> **Recorded information**
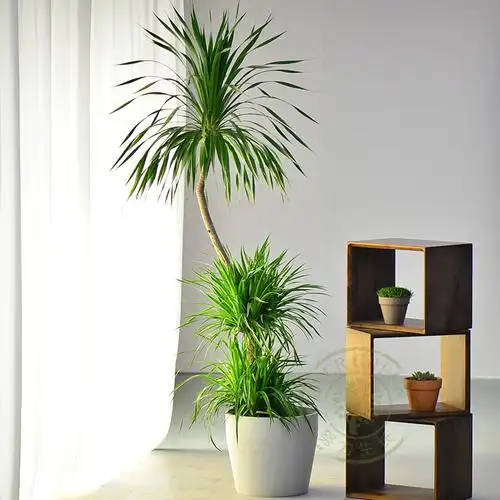 龙血简约北欧欧风ins室内网红大型植物盆栽大型绿植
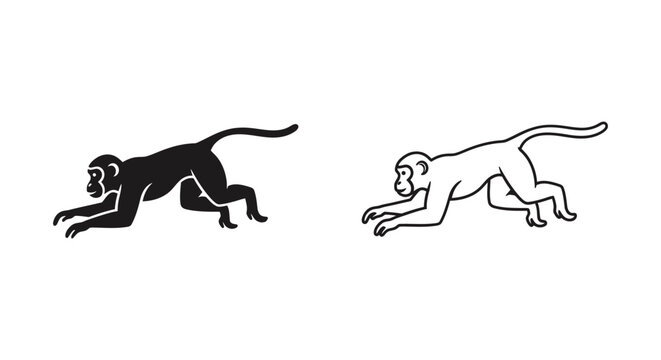 Monkey Movement Evolution Illustration Guide Vector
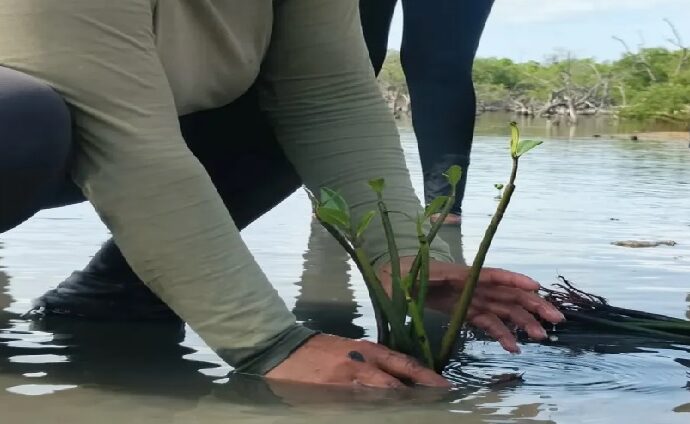 Nuevos ejemplares de Mangle Rojo fortalecen el Parque Nacional Laguna de La Restinga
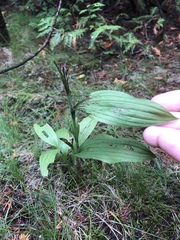Cypripedium parviflorum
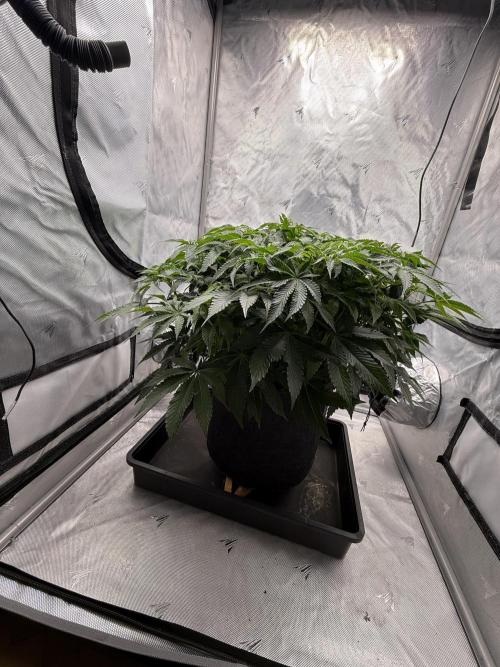 We are starting. Week 9 - Day 63/42cm (12/12 Day 7)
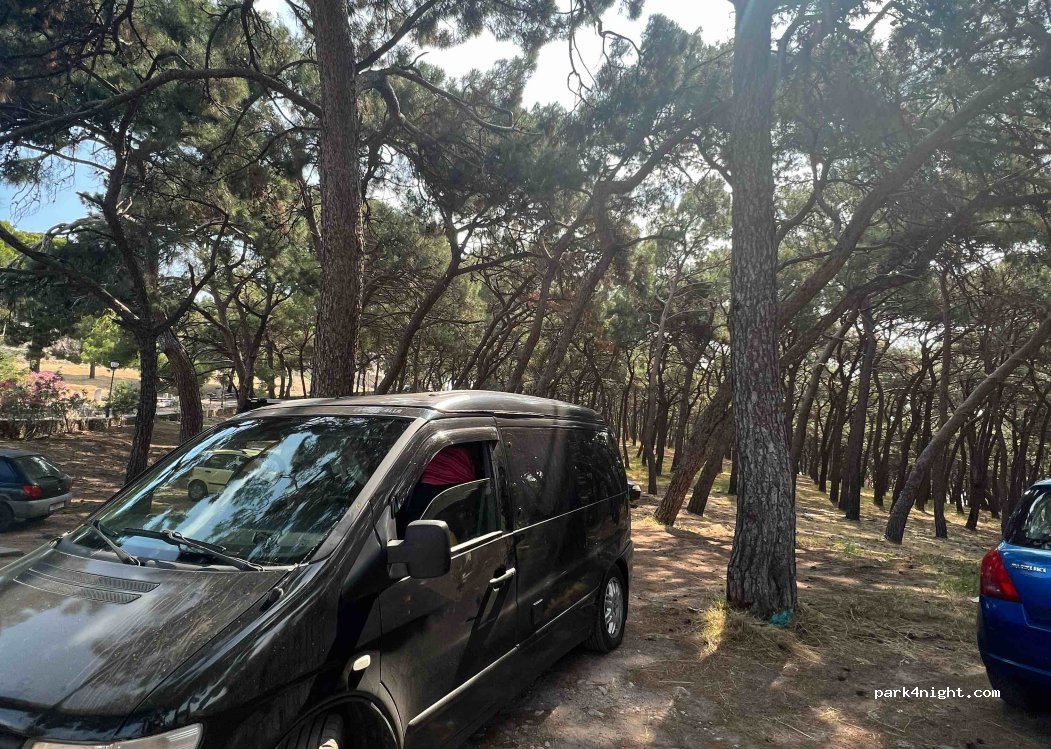 (811 00) Mitilini - 22 8i Noemvriou — foto 3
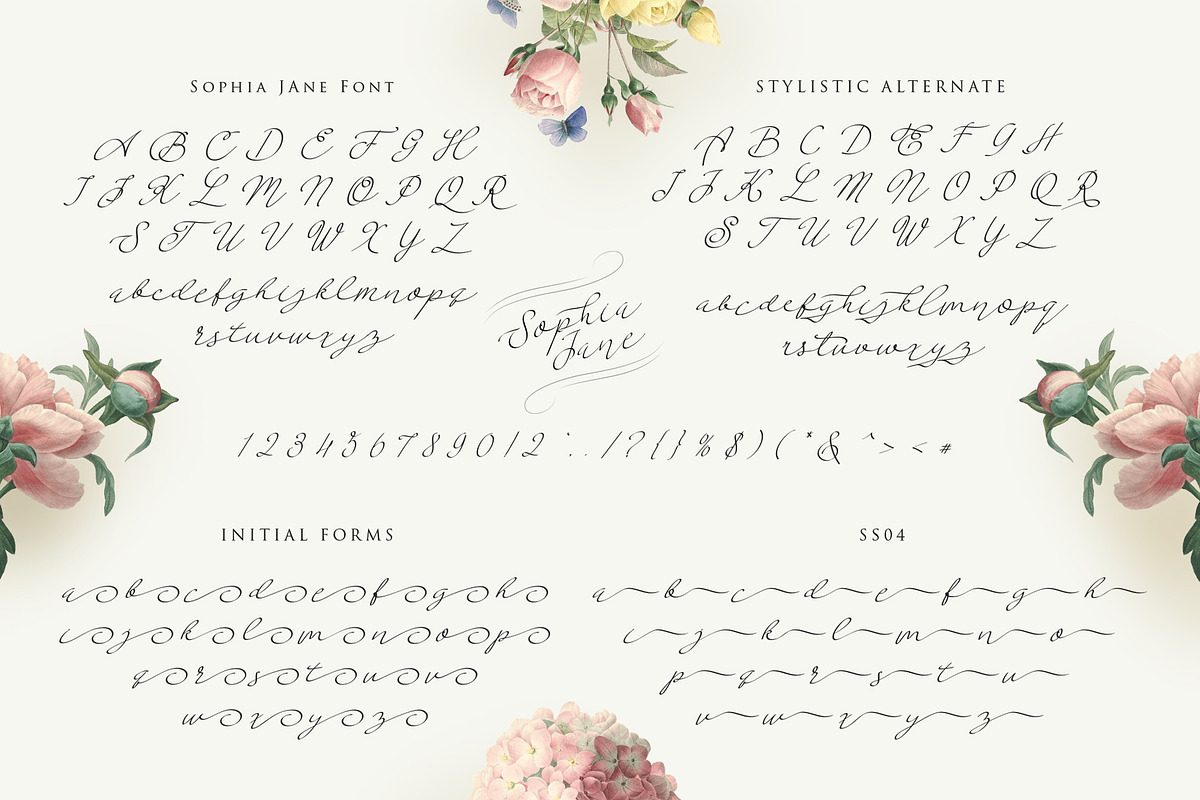 Sophia Jane | Handwritten Script preview 2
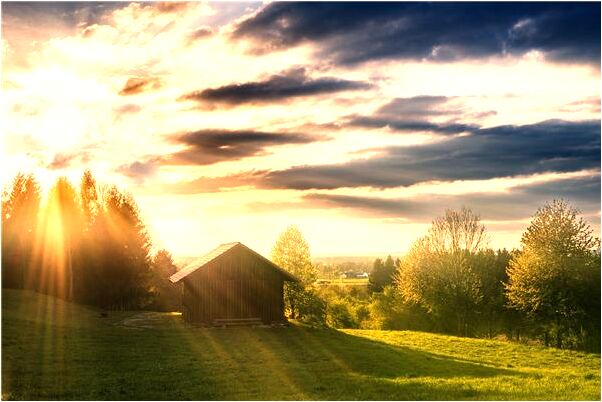 夢見兩個舊的粗糙單人純木床是什麼啟示_周公解夢官網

> **Exercise**
An exact transcription is needed, covering the line with "Sophia Jane | Handwritten Script preview 2" and every line after it to the end of the entries, but not the pictures.

> **Expected output**
 Sophia Jane | Handwritten Script preview 2
 夢見兩個舊的粗糙單人純木床是什麼啟示_周公解夢官網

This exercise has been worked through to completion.